Only Mathew knew of this new Jolson. Only Mathew’s nose would find him no matter where Jolson went inside Grace. If Athos wanted Jolson, the god would have to remake Mathew into a complete man.
* * * *
Mathew slid through the palace gates, past watching soulwrights and redcap guards, and paced sedately into the throne room. Naked, Belthethsia leaned on the king, propped up by one elbow set on his chest. She ran the tip of a small rod across his body, gently, slowly, almost with love. The rod touched him here, there, leaving ragged pustules and sores behind. Vere groaned when she burned away one nipple, then the other, and slowly moved the rod toward his groin. A hellhound lay by her side, its tail thumping contentedly while it dined on the stump of the king’s leg. Mathew noticed the king did not bleed. To the side, a greatly changed Sulya stood watching. She looked totally pissed. An understandable expression, Mathew figured, on a woman who seemed to have grown talons. Even though her face and hands appeared similian normal, when her pant line shifted, he saw a hint of scales about her waist.

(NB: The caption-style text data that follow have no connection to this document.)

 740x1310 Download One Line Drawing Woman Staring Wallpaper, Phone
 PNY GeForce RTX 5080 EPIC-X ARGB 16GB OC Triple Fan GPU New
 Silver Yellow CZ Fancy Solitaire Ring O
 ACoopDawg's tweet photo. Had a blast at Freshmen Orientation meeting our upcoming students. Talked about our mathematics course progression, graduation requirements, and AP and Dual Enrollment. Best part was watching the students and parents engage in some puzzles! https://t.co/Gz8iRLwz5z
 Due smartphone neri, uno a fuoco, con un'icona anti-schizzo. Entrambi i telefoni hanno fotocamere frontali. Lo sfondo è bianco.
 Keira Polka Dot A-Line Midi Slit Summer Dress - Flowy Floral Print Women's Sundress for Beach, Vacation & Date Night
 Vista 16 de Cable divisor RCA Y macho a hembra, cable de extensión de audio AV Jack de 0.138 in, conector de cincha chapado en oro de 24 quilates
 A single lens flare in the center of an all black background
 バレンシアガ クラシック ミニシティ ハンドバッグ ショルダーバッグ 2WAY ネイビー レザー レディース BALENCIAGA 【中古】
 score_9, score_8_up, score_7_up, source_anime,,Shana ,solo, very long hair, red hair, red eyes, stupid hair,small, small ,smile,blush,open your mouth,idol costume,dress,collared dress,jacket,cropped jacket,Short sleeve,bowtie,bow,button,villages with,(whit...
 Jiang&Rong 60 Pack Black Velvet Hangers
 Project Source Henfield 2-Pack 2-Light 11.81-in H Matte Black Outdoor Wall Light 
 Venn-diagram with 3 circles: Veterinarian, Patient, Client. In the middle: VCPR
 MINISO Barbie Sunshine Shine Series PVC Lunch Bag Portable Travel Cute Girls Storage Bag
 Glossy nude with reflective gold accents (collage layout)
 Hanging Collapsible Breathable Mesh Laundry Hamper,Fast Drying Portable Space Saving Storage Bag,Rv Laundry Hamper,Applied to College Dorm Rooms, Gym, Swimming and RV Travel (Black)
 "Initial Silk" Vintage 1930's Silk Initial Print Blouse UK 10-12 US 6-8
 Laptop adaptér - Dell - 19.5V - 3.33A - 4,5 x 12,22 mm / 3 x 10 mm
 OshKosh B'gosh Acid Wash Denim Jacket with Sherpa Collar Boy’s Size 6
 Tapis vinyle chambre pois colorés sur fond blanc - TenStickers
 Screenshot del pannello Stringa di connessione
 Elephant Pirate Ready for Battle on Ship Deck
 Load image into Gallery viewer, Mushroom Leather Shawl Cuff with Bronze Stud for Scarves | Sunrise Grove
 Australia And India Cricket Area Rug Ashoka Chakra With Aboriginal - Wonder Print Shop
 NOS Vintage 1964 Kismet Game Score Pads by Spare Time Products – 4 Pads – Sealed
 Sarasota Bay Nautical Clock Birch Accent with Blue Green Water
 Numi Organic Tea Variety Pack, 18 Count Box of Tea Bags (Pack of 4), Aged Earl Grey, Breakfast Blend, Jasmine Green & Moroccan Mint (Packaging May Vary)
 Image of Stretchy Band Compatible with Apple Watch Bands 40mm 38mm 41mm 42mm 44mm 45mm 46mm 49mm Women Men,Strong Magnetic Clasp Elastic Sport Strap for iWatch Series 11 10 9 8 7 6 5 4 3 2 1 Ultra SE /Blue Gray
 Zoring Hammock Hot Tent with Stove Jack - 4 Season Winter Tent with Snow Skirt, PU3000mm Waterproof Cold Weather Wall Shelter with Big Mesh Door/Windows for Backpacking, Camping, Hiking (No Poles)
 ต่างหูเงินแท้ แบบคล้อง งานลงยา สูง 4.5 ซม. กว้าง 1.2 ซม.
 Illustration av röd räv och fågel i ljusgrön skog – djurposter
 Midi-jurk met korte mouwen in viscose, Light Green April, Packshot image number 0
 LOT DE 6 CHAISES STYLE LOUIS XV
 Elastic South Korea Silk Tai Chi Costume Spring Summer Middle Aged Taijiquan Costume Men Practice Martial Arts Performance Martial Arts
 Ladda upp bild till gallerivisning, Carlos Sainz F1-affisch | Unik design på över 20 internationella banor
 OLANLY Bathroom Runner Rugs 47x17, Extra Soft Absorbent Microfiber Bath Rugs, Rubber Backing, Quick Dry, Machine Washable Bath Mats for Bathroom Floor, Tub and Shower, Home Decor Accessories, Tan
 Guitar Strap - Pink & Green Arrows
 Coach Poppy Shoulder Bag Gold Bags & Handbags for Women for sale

Mathew fought back a wolfish smile. It was funny, in a way, and satisfying. The bitch deserved a taste of what Hell had done to him.
He focused his attention back on Belthethsia as she played with her toy.
“Really darling,” Belthethsia said happily to the king, “did you think I would leave you hanging peacefully on the gate just because we were lovers and my mother is gone. It’s because she’s dead that I’m doing this. I have to honor her, you know. After all, she was my mother even if I did hate the bitch. I’m sure you understand. Besides, you are just an encumbrance now, sweetheart. No arms, no legs, and hardly any soul at all. Why did mother just toss your soul aside? It had broken into so many pieces by the time I found it I doubt even Zor
ce could have grabbed them all. No matter. Lost is lost, and your soul’s destruction is no loss. Mother claimed you were never a good lover. I have to agree. The sad truth is you couldn’t satisfy a sow.” She sighed. “I just wish you had enough mind to understand what I’m saying. There wasn’t much intellect left before you were decapitated. There’s even less now. A shame, really, but I did enjoy the experiment of putting you back together, and Belsac seemed upset about all your pieces being put on display. The poor dear worried about how our subjects would react.” Pausing, she studied Vere for a moment before knocking several times on his head. “Hello. Are you listening? Anybody in there? Can you tell me if my imp grabbed enough of your nano field before the pieces drifted away? I’ve never tried this before so I’d really like your input. Can you still feel pain or are you moaning and groaning out of habit?”
Vere did not answer, but he did moan, and his very pale head rolled to one side, displaying to Mathew that very little of his head was attached to his body. Mathew saw pulsing veins and a roughly connected spine where a neck belonged, but most of the skin and muscle were gone.
“Are you done talking to it now?” Sulya demanded. “I don’t care if it’s moving. The thing is dead. The likes of you and I can’t undo a death simply by reattaching a head.”
“This is all very frustrating,” Belthethsia complained. “I blame it on the blood. There just wasn’t enough left in the torso. Oh well, I’ll just have to play for a bit longer and see what I can learn from his tones.”
Mathew sat, tongue lolling, and watched while Belthethsia set the rod to the king’s deflated manhood. His flesh broiled and acrid smoke rose until nothing remained of the king’s pride but char. The smell made Mathew’s stomach rumble with hunger.